Sharks ran off everyone except for me last night...................me and the Sharks closed down Avon, with my final Shark an 8 foot plus Garbo right before the lights started flashing for the final time in 2017.

I am pretty sure I am up to close to 300 large Sharks for the 2017 season, which is just about to end, it is personal record, Sharks are thick, they are big and they like lead.

In a related matter, the Drum Pro leaderboard has not changed at all from the Spring season. Same fellas, same results. 

Total catches may be revealed January 2018, or they may not, but the #1 Drum Pro certainly deserves all the recognition he has earned this year, he is had these attributes in case any readers want to emulate him in 2018.....

1. long cast, very consistent.

2. Wades out real deep, further enabled by short drop very compact cast.

3. Excellent bait.

4. Does not use a flash light when de-hooking Drum, he must have some internal night vision enhancement.

5. Has a lot of stamina and is not afraid to fish where drowning is amongst the possibilities for the nights outcome.

I am currently in 5th position and have an opportunity to potentially make it to 3rd if there is decent weather for the secret spot known as Shelly Island.

For 2018 I am going back into the Gym, may need Tuna to push me beyond my comfort zone....................I will switch to the INFERNO (Chris let me borrow one of his for a session and it fits my style of casting and bests my 19 year old ALL STARS................transitioning to a Fathom or perhaps the Devil Herself for a longer casting reel.....my SL30SH's are 19 years old also and while a fine reel, perhaps can be improved on...

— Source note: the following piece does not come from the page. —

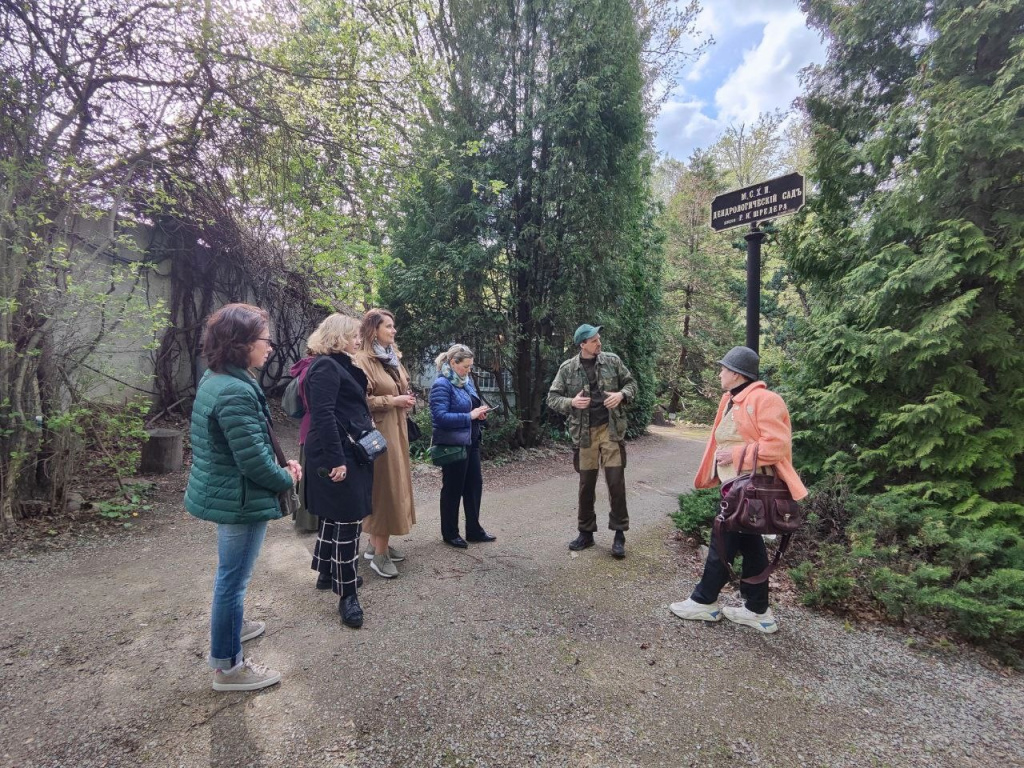 экскурсия в сад Шредера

My new 1307 is the rod for throwing 10 ounces and bait, does not load well with 8 ounces but it shined with 10 ounce three sided pyramids on Avon.

For today, though I am taking the remaining break out of a SHV20 and will remind myself that if you don't keep getting up after you have been knocked down...you can never be #1 ....


----------



## TreednNC (Jul 1, 2005)

The Man turned me on to the Fathoms. Didn't get a drum to stretch them out, but the dang sharks sure tested the drag on them. You'll like them. They throw great, but then again, my experience is far more limited than yours. If they were good enough for The Man, they were plenty good for me.


----------



## Garboman (Jul 22, 2010)

TreednNC said:


> The Man turned me on to the Fathoms. Didn't get a drum to stretch them out, but the dang sharks sure tested the drag on them. You'll like them. They throw great, but then again, my experience is far more limited than yours. If they were good enough for The Man, they were plenty good for me.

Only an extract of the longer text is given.